Pete could hear the ache in Dale’s voice, as though his throat had grown too thick to say more than he had.

But behind those two words was more–everything that had always shone out of Dale’s blue eyes. Affection. Acceptance. Forgiveness. Love. Most of all love, all of it. Every bit of it. As though the words they’d never said to each other had been packed carefully away, staying safe over the years, held for just this moment to be spoken. Only it was too much, too much to be said aloud, at least not yet, not just yet.

He felt the rasp of Dale’s beardgrowth scratch along the side of his face, and then a kiss, warm, plush lips tenderly pressed to his temple. Pausing, a start of hesitation from Dale’s body as if he feared he’d done too much, risked too much. Loved too much.

“Dale.” Pete whispered the name against Dale’s strong neck, curled his head down to brush his forehead to the hard muscle, then swept a kiss to Dale’s collarbone where it rose amidst a rumple of flannel shirt. “I’ve missed you,” he said, almost a whisper. “Over and over, I missed you, and now I’ve come back, but my life’s a mess and I’ve got kids and I don’t know–”

“Of course,” said Dale, not hesitating to say it when Pete paused. “You’ll stay with me. You and the girls. Starting from now. I can’t wait to get to know them, and I can’t wait for it all to be like I imagined it–”

“You imagined it?” Pete looked up, touched a hand to Dale’s jaw. His fingers trailed Dale’s mouth, his lower lip, tickling the tips of his fingers around the corner of that mouth that was starting to curve into a slow smile.
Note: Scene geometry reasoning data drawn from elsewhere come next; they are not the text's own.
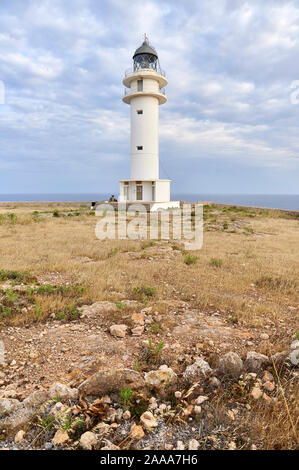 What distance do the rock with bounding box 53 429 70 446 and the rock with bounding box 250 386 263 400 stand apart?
1.74 m

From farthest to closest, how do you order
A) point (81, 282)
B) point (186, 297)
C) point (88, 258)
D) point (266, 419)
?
point (88, 258) < point (81, 282) < point (186, 297) < point (266, 419)

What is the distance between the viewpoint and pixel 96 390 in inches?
107

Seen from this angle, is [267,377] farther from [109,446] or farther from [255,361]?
[109,446]

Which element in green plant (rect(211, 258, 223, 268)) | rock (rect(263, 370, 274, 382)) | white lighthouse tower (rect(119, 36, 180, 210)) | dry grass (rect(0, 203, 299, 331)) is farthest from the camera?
white lighthouse tower (rect(119, 36, 180, 210))

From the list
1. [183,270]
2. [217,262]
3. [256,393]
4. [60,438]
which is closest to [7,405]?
[60,438]

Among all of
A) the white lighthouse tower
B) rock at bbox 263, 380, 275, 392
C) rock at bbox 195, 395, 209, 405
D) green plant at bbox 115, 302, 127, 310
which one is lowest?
rock at bbox 195, 395, 209, 405

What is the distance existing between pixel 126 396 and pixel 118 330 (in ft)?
4.81

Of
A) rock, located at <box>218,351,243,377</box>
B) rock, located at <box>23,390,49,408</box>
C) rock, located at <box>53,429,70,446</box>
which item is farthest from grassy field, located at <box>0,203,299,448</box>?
rock, located at <box>23,390,49,408</box>

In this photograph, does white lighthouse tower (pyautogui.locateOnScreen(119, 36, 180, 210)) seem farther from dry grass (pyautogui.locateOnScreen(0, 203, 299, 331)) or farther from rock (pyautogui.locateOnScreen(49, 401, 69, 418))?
rock (pyautogui.locateOnScreen(49, 401, 69, 418))

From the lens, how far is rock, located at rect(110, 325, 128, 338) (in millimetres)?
3984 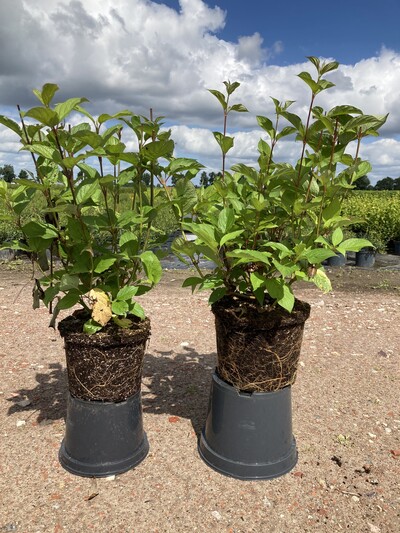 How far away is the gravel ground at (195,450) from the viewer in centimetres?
190

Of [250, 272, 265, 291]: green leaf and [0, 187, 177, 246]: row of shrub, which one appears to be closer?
[250, 272, 265, 291]: green leaf

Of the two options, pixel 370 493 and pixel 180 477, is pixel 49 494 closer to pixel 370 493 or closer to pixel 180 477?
pixel 180 477

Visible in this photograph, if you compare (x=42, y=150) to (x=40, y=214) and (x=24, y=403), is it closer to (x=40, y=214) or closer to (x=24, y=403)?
(x=24, y=403)

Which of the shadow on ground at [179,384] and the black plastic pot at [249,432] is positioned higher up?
the black plastic pot at [249,432]

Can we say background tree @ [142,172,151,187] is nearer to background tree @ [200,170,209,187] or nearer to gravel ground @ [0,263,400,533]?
background tree @ [200,170,209,187]

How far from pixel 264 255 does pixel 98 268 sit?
25.4 inches

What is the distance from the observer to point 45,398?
9.40 feet

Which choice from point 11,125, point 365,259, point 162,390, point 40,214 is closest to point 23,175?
point 11,125

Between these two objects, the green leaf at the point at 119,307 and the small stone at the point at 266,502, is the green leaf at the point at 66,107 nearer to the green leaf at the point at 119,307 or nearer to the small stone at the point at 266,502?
the green leaf at the point at 119,307

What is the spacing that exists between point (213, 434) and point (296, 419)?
0.70 m

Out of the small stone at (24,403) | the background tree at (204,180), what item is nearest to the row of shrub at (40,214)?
the small stone at (24,403)

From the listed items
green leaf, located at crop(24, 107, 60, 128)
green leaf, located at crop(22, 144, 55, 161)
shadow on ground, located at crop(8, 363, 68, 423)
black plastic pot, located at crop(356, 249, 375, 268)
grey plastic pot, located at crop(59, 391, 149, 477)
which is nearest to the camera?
green leaf, located at crop(24, 107, 60, 128)

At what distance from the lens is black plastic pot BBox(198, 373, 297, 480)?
2076mm

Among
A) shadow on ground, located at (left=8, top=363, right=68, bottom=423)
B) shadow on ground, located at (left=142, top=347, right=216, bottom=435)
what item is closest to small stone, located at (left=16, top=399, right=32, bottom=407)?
shadow on ground, located at (left=8, top=363, right=68, bottom=423) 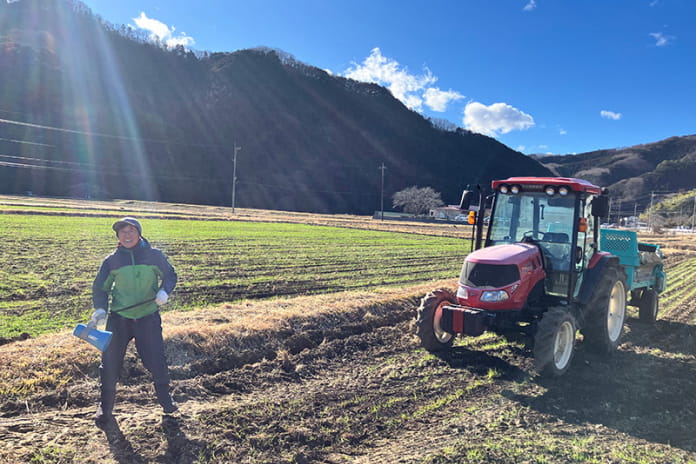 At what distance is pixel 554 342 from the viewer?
556 centimetres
“Yeah.” Dale’s voice was low and quiet, and the word yeah was said with such certainty that the force of it sank into Pete’s whole body. The room was starting to swim around him, but he could feel Dale’s warmth, the hardness of bone along his jaw,the scratch of beardgrowth, the whisper of a kiss to his fingers. “Just like this. A farm. A small herd of very good cattle–”
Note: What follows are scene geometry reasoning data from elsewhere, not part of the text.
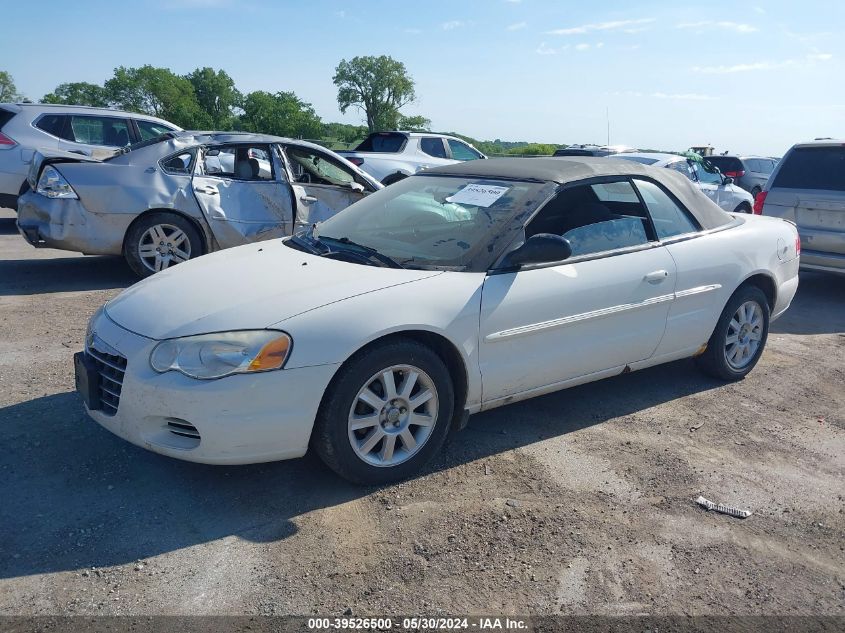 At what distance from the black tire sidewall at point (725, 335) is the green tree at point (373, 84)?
8430 centimetres

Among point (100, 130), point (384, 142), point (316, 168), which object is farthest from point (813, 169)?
point (100, 130)

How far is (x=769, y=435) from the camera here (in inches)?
179

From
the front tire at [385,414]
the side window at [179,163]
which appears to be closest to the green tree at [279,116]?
the side window at [179,163]

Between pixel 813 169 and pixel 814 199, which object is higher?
pixel 813 169

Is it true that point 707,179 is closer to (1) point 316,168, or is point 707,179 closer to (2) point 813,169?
(2) point 813,169

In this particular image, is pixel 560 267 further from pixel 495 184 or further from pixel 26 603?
pixel 26 603

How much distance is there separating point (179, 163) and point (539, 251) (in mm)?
4964

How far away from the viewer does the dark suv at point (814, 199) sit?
26.7 ft

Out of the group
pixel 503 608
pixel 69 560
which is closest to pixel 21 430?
pixel 69 560

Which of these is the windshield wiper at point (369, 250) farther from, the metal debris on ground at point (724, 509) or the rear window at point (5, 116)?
the rear window at point (5, 116)

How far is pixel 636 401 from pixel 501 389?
1370mm

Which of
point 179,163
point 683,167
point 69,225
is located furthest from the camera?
point 683,167

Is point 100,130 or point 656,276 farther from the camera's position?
point 100,130

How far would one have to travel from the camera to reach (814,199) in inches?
327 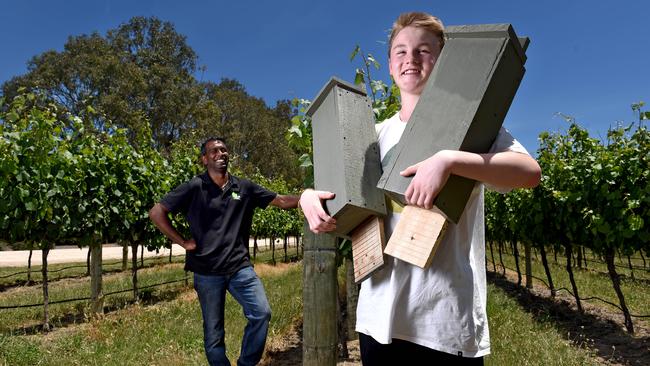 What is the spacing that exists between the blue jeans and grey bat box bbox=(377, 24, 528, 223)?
9.79 ft

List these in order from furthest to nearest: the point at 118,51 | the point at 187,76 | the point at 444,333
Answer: the point at 187,76
the point at 118,51
the point at 444,333

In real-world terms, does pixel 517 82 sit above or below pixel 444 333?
above

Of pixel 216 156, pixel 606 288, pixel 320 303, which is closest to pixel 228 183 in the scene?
pixel 216 156

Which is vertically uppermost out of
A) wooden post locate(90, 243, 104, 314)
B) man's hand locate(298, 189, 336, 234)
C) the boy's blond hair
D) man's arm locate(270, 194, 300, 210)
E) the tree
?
the tree

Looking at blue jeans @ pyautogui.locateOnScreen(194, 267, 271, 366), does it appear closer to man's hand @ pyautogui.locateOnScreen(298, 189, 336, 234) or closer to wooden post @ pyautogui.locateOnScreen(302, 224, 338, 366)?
wooden post @ pyautogui.locateOnScreen(302, 224, 338, 366)

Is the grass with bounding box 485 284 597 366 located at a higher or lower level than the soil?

“Gelbvieh cattle,” said Pete, interrupting.

“You remembered,” said Dale, pleased wonder in his voice.

“Of course I did,” said Pete. “Tell me what else you imagined.”

“A little white farmhouse, complete with an old fashioned windmill drawing up water from a pure, clear well.” Dale paused and cleared his throat, his solid arm around Pete like a beautiful proud angel. “And a family around a farmhouse table. Which I don’t have–” Dale stopped again and then gestured to the kitchen counter and the two barstools placed along its length. “Hadn’t needed one, seeing as it was just me I was cooking for. But now–”

Pete squinted where Dale had gestured, but either the room was too dark or he was too doped up to be able to focus, for all he could see was Dale’s face, the profile of his jaw, the darkness beyond his arms.

“Now, I’m going to need to buy one or build it–”

“You could build us a table?” Pete asked, not allowing himself to question that what Dale was talking about was anything other than a true marriage proposal.